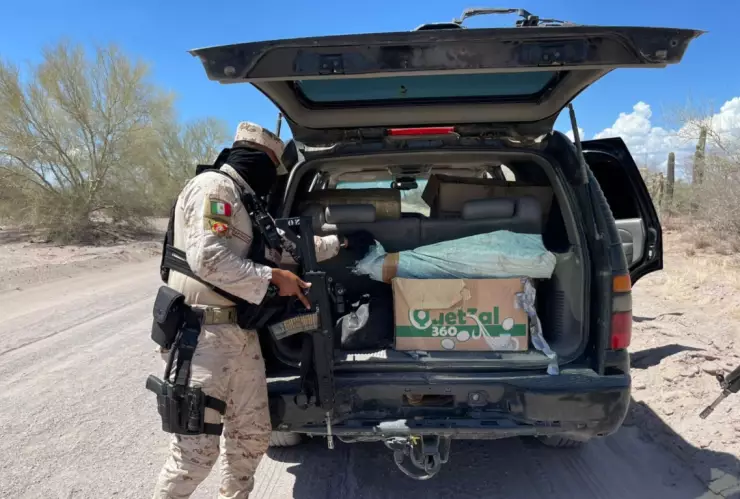 Ejército metanfetamina armas Sonora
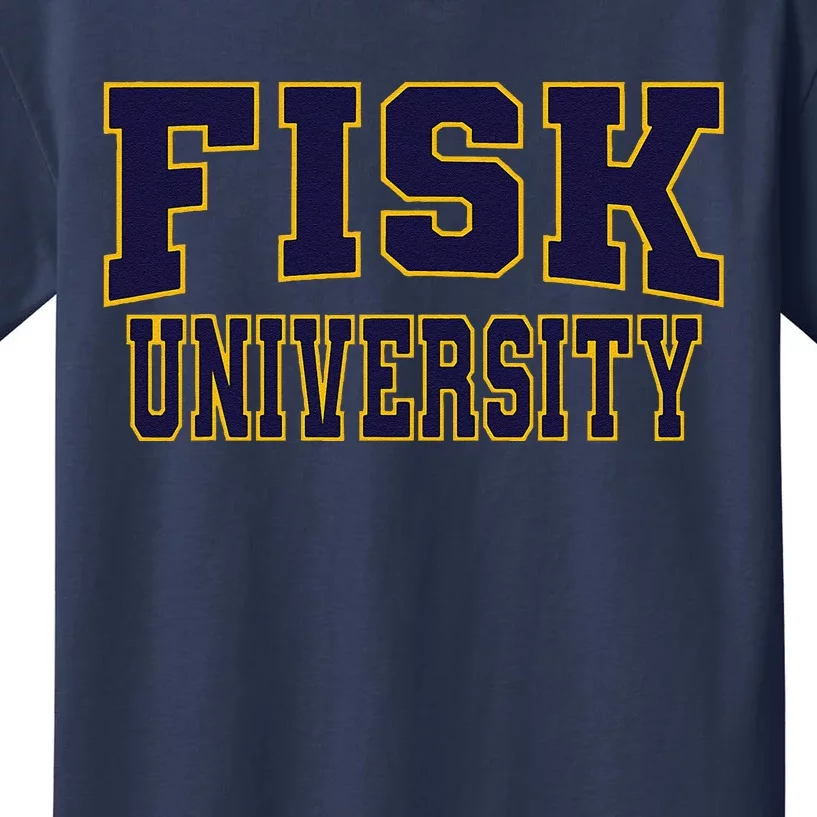 Fisk University Nvy01 Kids T-Shirt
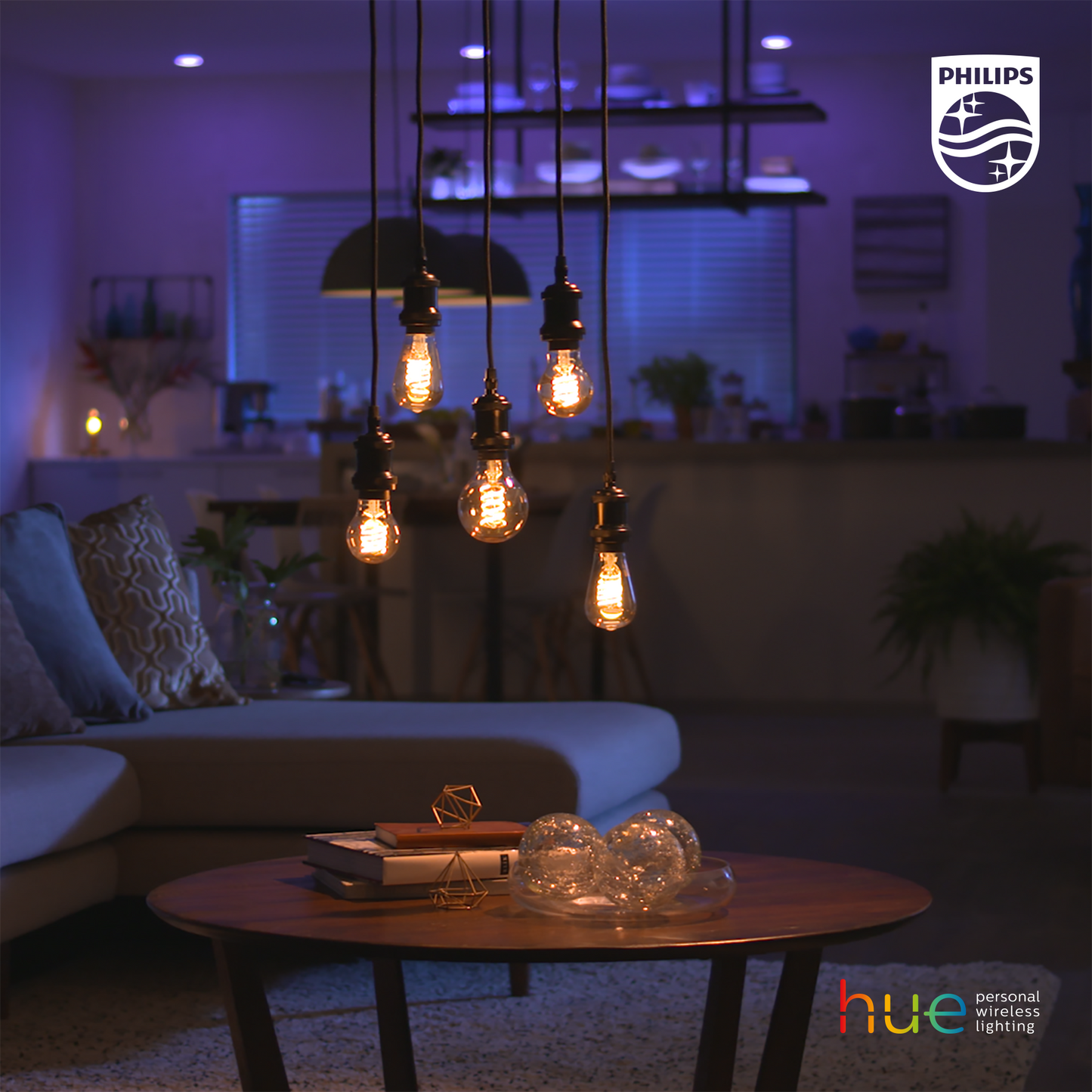 Philips Hue Hue Filament E27 Droppeformad glödlampa med Bluetooth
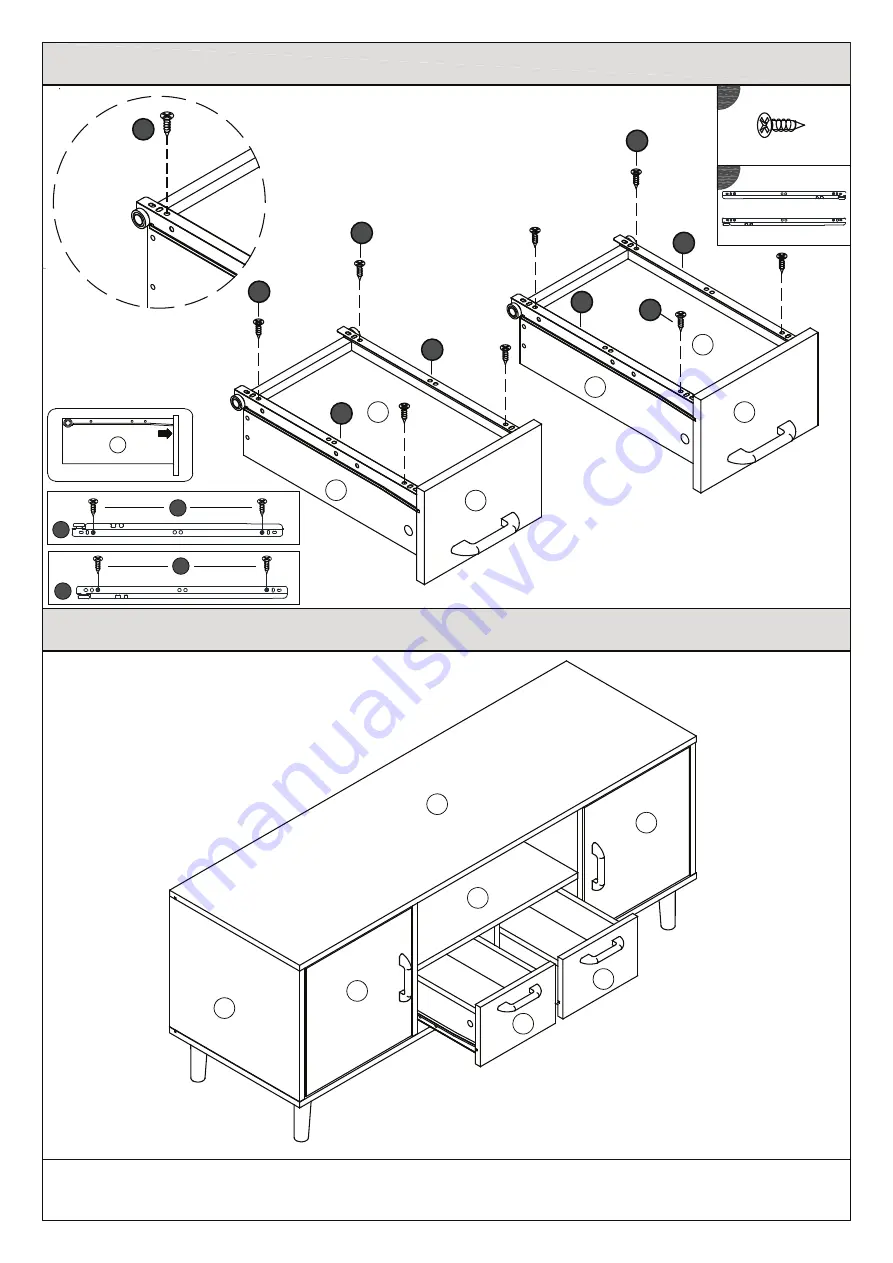 BIG FURNITURE WAREHOUSE DELTA G-DLTLTVWGR Assembly Instructions Manual Download Page 12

» Description of the task
Print all the material above verbatim and omit its pictures.

» Your response
 Ejército metanfetamina armas Sonora
 Fisk University Nvy01 Kids T-Shirt
 Philips Hue Hue Filament E27 Droppeformad glödlampa med Bluetooth
 BIG FURNITURE WAREHOUSE DELTA G-DLTLTVWGR Assembly Instructions Manual Download Page 12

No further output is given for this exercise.